Search the entries for the word "White". Copy each line in which it is found.

··········

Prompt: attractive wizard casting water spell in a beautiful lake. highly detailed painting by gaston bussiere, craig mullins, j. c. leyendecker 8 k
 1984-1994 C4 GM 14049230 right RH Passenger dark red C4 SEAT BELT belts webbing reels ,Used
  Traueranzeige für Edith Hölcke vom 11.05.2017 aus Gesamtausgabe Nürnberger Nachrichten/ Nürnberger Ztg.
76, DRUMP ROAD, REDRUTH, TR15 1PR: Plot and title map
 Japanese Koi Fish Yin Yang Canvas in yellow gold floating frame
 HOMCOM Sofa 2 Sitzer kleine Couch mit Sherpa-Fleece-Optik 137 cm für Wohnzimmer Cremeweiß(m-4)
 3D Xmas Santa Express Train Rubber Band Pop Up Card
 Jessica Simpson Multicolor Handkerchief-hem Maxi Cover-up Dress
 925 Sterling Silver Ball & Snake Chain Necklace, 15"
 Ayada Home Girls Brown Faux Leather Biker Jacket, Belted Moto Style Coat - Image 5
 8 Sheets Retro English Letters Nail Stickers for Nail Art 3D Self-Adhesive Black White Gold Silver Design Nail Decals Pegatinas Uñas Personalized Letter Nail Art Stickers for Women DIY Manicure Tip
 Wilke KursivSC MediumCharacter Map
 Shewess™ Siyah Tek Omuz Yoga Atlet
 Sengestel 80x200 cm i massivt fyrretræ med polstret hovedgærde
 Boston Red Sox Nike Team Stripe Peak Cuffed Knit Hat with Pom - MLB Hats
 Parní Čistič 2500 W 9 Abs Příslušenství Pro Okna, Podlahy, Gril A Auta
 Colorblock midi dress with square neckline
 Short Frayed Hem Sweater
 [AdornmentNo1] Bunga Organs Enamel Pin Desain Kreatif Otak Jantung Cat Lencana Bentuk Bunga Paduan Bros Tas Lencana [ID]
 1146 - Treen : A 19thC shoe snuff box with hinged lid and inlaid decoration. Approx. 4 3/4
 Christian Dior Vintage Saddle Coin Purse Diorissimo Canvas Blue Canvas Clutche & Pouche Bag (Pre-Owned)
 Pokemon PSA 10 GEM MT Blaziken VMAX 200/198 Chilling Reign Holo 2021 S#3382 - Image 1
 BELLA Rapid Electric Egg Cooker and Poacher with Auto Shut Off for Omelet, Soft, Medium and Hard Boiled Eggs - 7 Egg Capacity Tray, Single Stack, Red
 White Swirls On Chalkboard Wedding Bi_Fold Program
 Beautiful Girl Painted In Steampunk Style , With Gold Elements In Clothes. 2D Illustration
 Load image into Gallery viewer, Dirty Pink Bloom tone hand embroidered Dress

··········

*Response box:*
 8 Sheets Retro English Letters Nail Stickers for Nail Art 3D Self-Adhesive Black White Gold Silver Design Nail Decals Pegatinas Uñas Personalized Letter Nail Art Stickers for Women DIY Manicure Tip
 White Swirls On Chalkboard Wedding Bi_Fold Program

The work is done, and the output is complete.